It was the same after luncheon when we went out into the garden and sat on a seat in the shrubbery almost immediately facing my windows, and he spread a chart on a rustic table and pointing to a red line on it said:

"Look, this is the course of our new cruise, please God."

He talked for a long time, about his captain and crew; the scientific experts who had volunteered to accompany him, his aeronautic outfit, his sledges and his skis; but whatever he talked about—if it was only his dogs and the food he had found for them—it was always in that soft, caressing voice which made me feel as if (though he never said one word of love) he were making love to me, and saying the sweetest things a man could say to a woman.

After a time I found myself answering in the same tones, and even when speaking on the most matter-of-fact subjects I felt as if I were saying the sweetest things a woman could say to a man.

We sat a long time so, and every moment we were together seemed to make our relation more perilous, until at length the sweet seductive twilight of the shortening autumn day began to frighten me, and making excuse of a headache I said I must go indoors.

He walked with me up the stone-stairway and into my boudoir, until we got to the very door of my room, and then suddenly he took up both my hands and kissed them passionately.

I felt the colour rushing to my cheeks and I had an almost irresistible impulse to do something in return. But conquering it with a great effort, I turned quickly into my bedroom, shut the door, pulled down the blinds and then sat and covered my face and asked myself, with many bitter pangs, if it could possibly be true (as I had been taught to believe) that our nature was evil and our senses were always tempting us to our destruction.

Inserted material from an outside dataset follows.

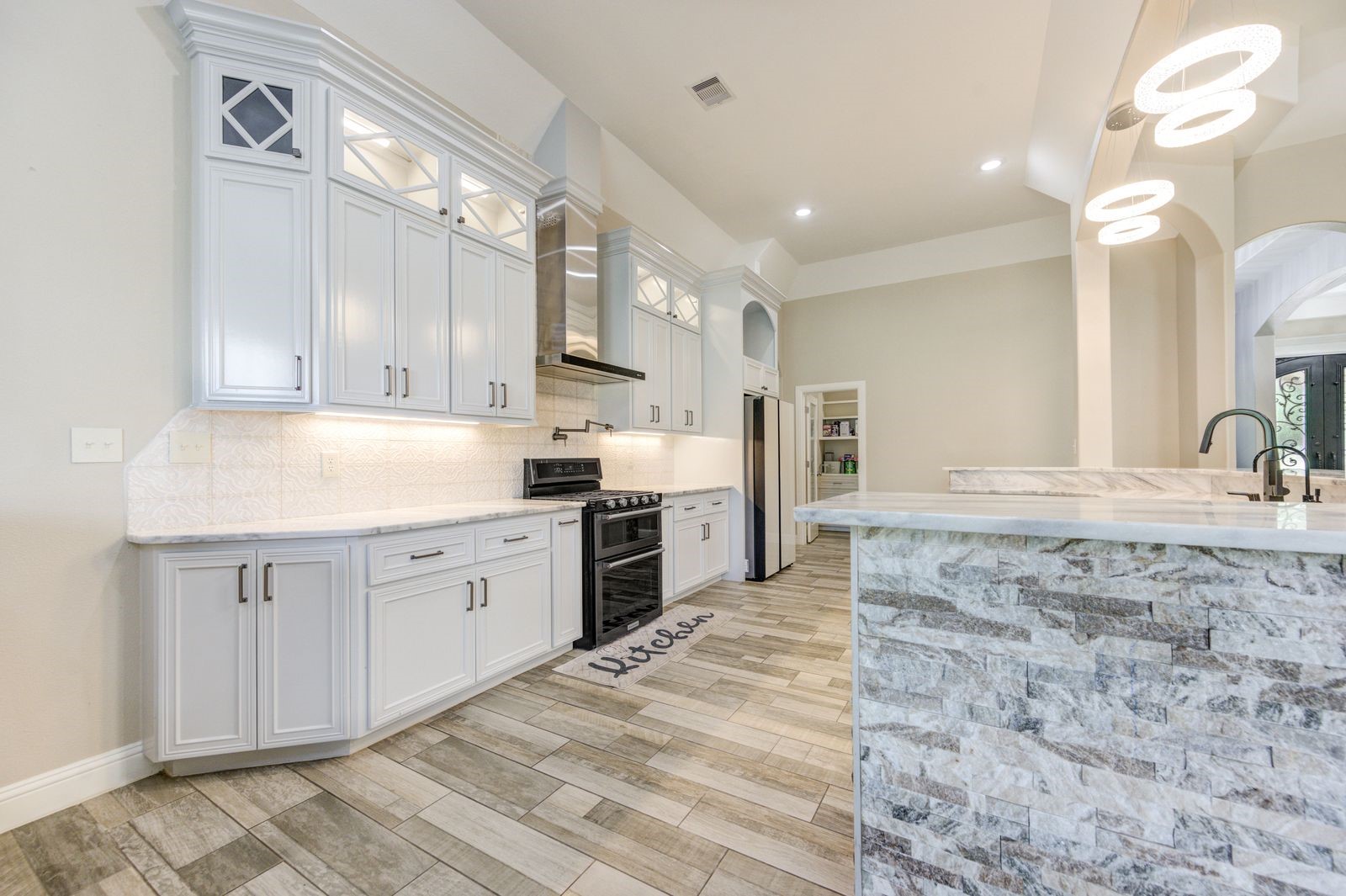 21038 Angus Drive Cleveland, TX 77328 - Photo 14 of 49 a large kitchen with stainless steel appliances kitchen island granite countertop a sink and cabinets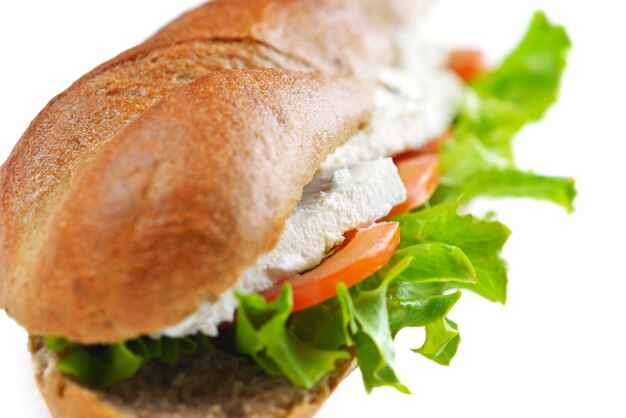 fresh sandwich close up with vegetables and meat fish isolated on white background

Several hours passed while I sat in the darkness with this warfare going on between my love and my religion, and then Price came to dress me for dinner, and she was full of cheerful gossip.

"Men are such children," she said; "they can't help giving themselves away, can they?"

It turned out that after I had left the lawn she had had some conversation with Martin, and I could see that she was eager to tell me what he had said about myself.